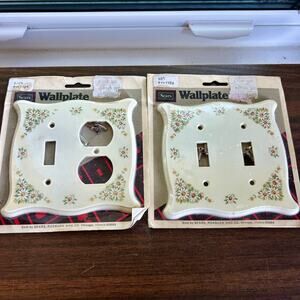 Vintage 1970s Sears Daisy Floral Wallplates – Double & Combo Switch Covers NOS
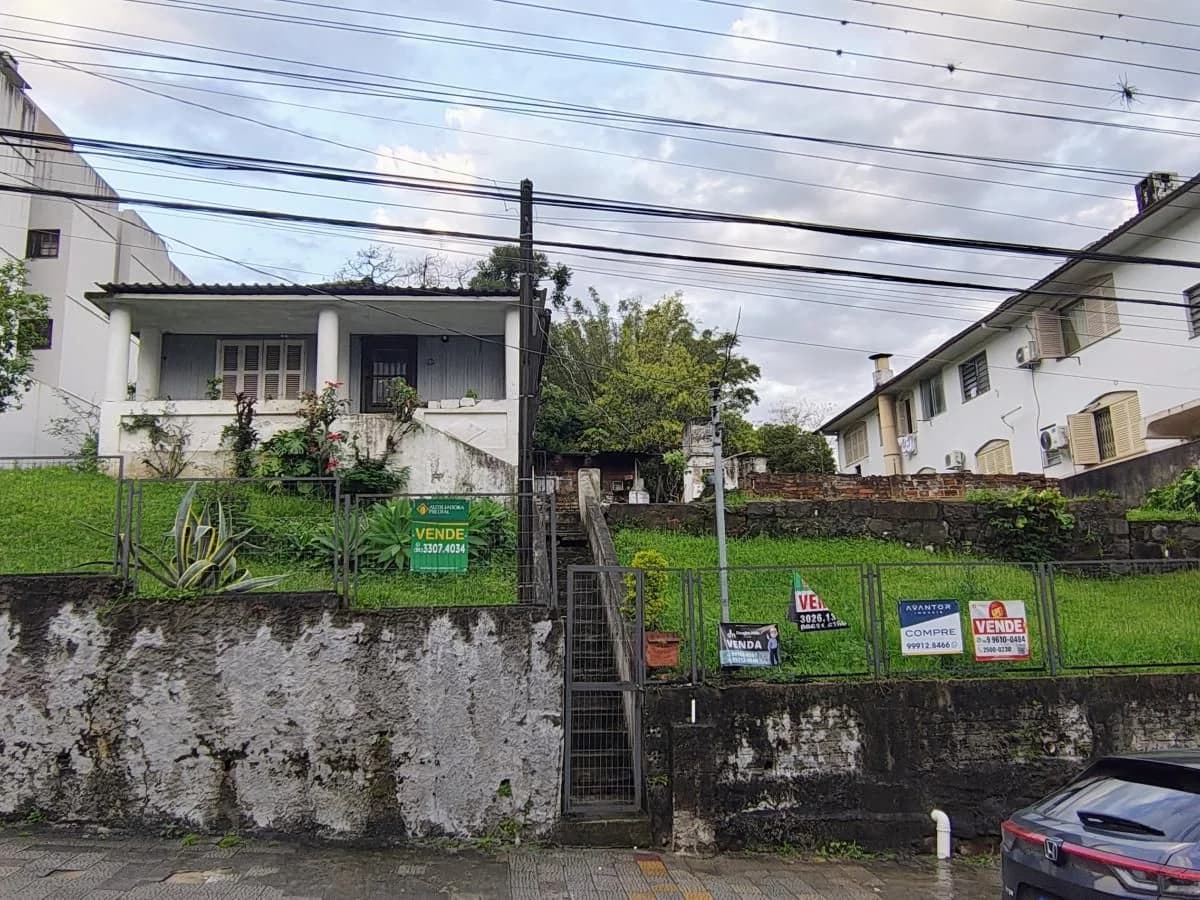 Fachada da casa com portão de entrada — Terreno à venda em Centro, Santa Maria/RS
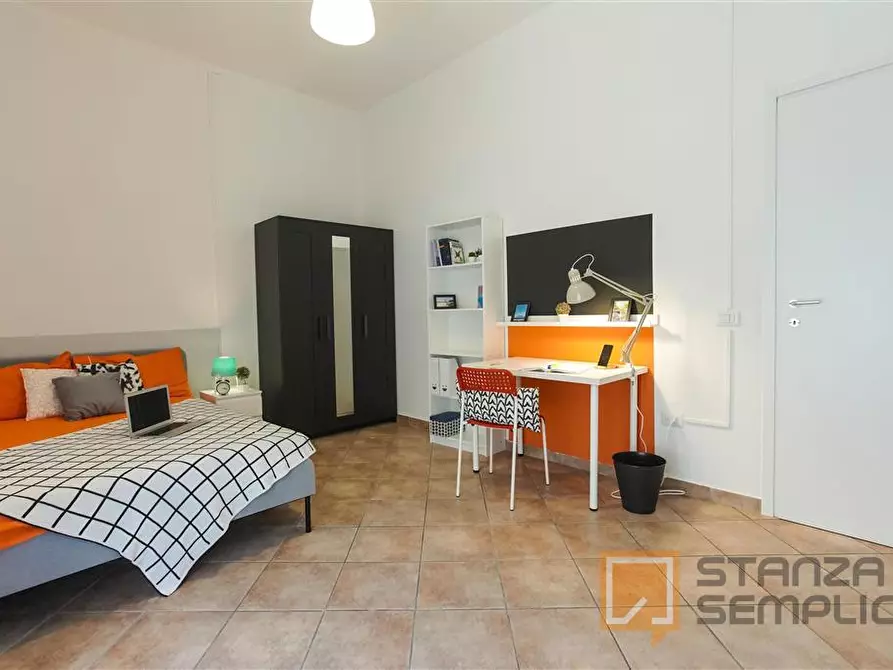 Immagine 3 di Stanza singola in affitto  in Via Pignasecca n. 15  a Napoli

• _About this task_: Output every line above exactly as it stands, and drop any picture.

• _Output below_:
 Vintage 1970s Sears Daisy Floral Wallplates – Double & Combo Switch Covers NOS
 Fachada da casa com portão de entrada — Terreno à venda em Centro, Santa Maria/RS
 Immagine 3 di Stanza singola in affitto  in Via Pignasecca n. 15  a Napoli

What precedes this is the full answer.